4. POMYSŁ UPADŁ, ALE...

Na taśmach Kaczyński poinformował Birgfellnera, że Srebrna jednak na razie nie zbuduje wieżowca. Pada hasło "decyzję wstrzymujemy". Kaczyński wymienia powody.

Powód pierwszy: w sprawie budowy K-Tower zaczął alarmować aktywista Jan Śpiewak ("zgłosił się na prezydenta Warszawy, od razu zaatakował nas za to, że my chcemy budować").

Powód drugi: władze w Warszawie (PO) nie dały "wuzetki" (określenie warunków zabudowy, bez których nie można rozpocząć inwestycji".
Adresy PiS w centrum Warszawy

I tu następuje kolejny ważny moment. Dlatego że Kaczyński nie pozostawia wątpliwości – po zmianie władzy i tak PiS zrobi swoje. "Nie dostaniemy wuzetki, jak nie wygramy tych wyborów" – mówi. Już wiadomo, że Patryk Jaki przegrał w Warszawie. Gdyby wygrał, droga do partyjnej inwestycji w centrum miasta byłaby otwarta.

5. KACZYŃSKI OSKARŻONY O OSZUSTWO

Choć postać austriackiego prawnika jest tylko tłem dla kwestii zaplecza finansowego PiS i relacji partii z państwowym bankiem, też może mieć duże znaczenie. To dlatego, że Gerald Birgfellner wprost oskarża Jarosława Kaczyńskiego o oszustwo i złożył zawiadomienie do prokuratury.

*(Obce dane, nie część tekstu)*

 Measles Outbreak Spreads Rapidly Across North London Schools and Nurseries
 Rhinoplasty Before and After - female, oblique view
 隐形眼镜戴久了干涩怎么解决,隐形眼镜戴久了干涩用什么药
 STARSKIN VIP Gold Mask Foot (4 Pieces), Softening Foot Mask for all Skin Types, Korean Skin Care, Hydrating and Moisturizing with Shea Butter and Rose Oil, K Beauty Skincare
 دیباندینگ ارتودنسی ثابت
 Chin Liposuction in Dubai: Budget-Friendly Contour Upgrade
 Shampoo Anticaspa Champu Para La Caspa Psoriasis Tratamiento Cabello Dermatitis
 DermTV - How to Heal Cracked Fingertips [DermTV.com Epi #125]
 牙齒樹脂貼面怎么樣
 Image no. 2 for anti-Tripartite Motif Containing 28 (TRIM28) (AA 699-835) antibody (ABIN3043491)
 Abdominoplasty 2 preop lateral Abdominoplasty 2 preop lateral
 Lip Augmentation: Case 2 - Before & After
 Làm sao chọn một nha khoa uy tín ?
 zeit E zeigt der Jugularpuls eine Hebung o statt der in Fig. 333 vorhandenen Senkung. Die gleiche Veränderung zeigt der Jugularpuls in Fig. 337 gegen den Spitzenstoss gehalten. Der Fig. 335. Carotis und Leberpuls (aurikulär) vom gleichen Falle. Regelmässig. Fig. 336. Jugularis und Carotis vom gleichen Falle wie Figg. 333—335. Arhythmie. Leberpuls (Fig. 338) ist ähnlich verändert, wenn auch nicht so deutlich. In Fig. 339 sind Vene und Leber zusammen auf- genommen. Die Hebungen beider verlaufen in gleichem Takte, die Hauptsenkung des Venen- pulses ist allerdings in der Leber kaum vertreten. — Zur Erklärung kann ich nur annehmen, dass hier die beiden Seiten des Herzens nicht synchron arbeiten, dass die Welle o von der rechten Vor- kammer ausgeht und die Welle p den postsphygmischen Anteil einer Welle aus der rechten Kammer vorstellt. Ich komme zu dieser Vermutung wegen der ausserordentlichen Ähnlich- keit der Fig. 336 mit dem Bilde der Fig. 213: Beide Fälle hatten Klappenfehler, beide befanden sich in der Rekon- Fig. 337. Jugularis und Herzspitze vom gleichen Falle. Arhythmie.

Jak wspomniałem, inwestycja Srebrnej upadła, a Birgfellner nie dostał nawet części pieniędzy, mimo że poniósł wydatki w kwocie 1,3 mln euro. W czasie nagranej w lipcu 2018 roku rozmowy Austriak chciał oddać prezesowi dokumenty i otrzymać wynagrodzenie, ale Kaczyński odmówił. Wyjaśnił, że taka wypłata byłaby wyprowadzaniem pieniędzy ze spółki.